More than 40 percent of UW-Madison engineering students stay in Wisconsin after graduation
According to 2013-2014 data from the University of Wisconsin–Madison’s Engineering Career Services, 93 percent of students who graduate from the College of Engineering accept jobs or go on to graduate school. Of those who accept jobs, 75 percent stay in the Midwest — and 41 percent take positions with Wisconsin employers.
The close connection between UW–Madison and state employers was on display at the most recent Career Connection, hosted Feb. 2-3. Career Connection is a two-day career fair held each semester on campus, and around 200 employers come to recruit engineering students for internships, cooperative experiences and full-time employment.
“We keep coming back to UW because the students have consistent skills and background knowledge,” says Jessica Frommgen, an associate recruiter for Spectrum Brands, based in Middleton, Wisconsin. “We love having a proximity to students with real-world experience.”

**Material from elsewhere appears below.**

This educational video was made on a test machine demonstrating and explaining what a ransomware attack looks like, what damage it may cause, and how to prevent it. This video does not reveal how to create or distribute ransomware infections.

“We send graduates out into the state as part of the Wisconsin Idea to spread into both the public and private sector the latest technologies and ideas in their profession.”
Spectrum isn’t alone. Recruiters from Leopardo Companies, a Chicago-area general contractor, say they’re interested in UW–Madison engineering students because they have both the technical skills and the real-world experiences that allow them to make contributions as soon as they join the company. “We know the students here receive a well-rounded education,” says project engineer Rachel Feil, who is also UW–Madison engineering alumna.

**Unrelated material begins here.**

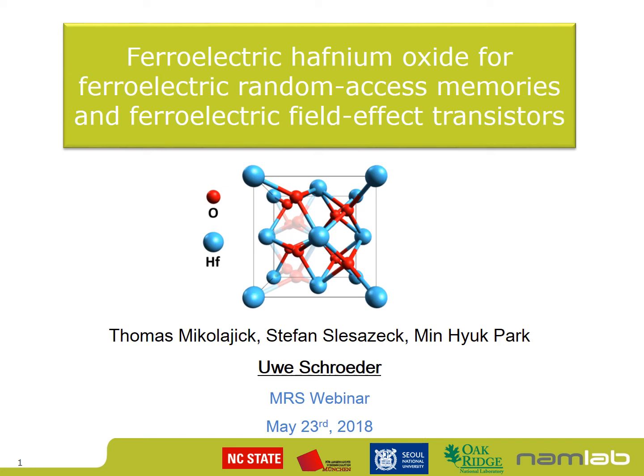Welcome to today's MRS webinar. My name is Uwe Schröder from NaMLab in Dresden, and today I'd like to talk about ferroelectric hafnium oxide — how to make hafnium oxide ferroelectric — and as applications, the ferroelectric random access memory and ferroelectric field effect transistor. This is a collaborative work between many international partners. NaMLab is a research organization owned by the Technical University of Dresden.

Feil says that UW–Madison’s emphasis on co-op experiences is a draw for Leopardo. “Each undergrad in the Construction Management Program typically has two full-time, co-op experiences by the time they graduate,” she says. “This gives them the foundation they need to hit the ground running at Leopardo and build their career right away.”

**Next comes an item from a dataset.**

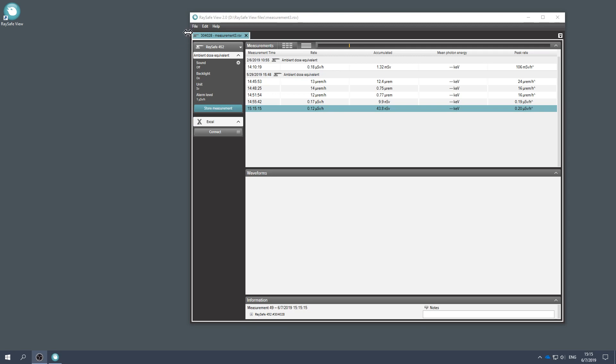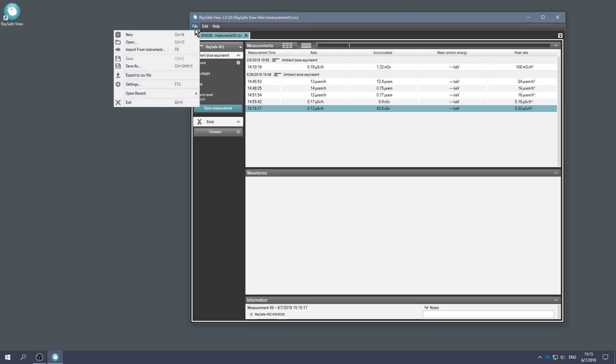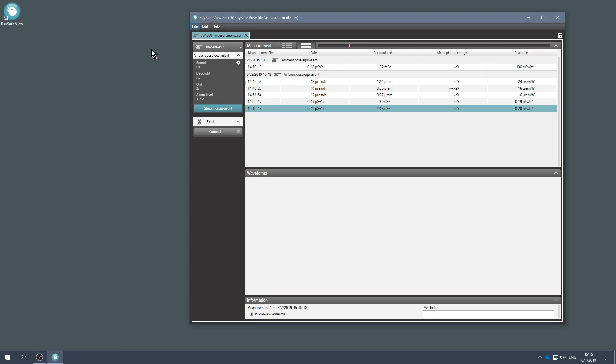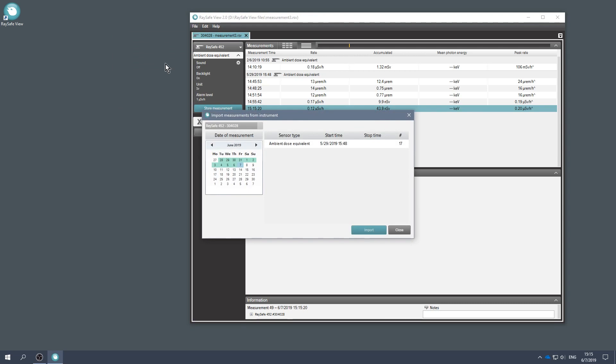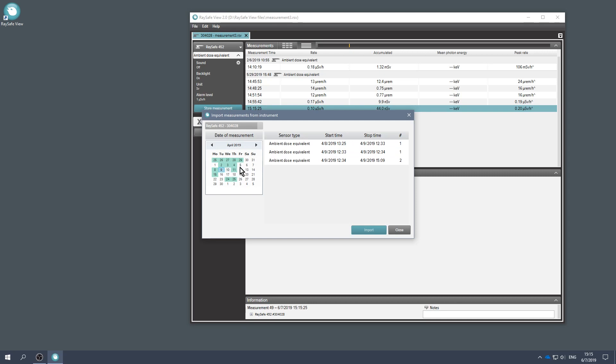To import stored measurements, go to the File menu and click Import from Instrument. Select the sessions you want and click Import.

Director of Engineering Career Services John Archambault says UW–Madison engineering students hone their teamwork, problem-solving and communication skills through a range of academic and co-curricular activities. Many engineering majors require a capstone course, which provides direct, hands-on project experience. These academic activities complement the college’s strong internship and co-op program.
“We send graduates out into the state as part of the Wisconsin Idea to spread into both the public and private sector the latest technologies and ideas in their profession,” says Archambault. “Our students take that knowledge from the university to improve the competitiveness of Wisconsin organizations in a global marketplace.”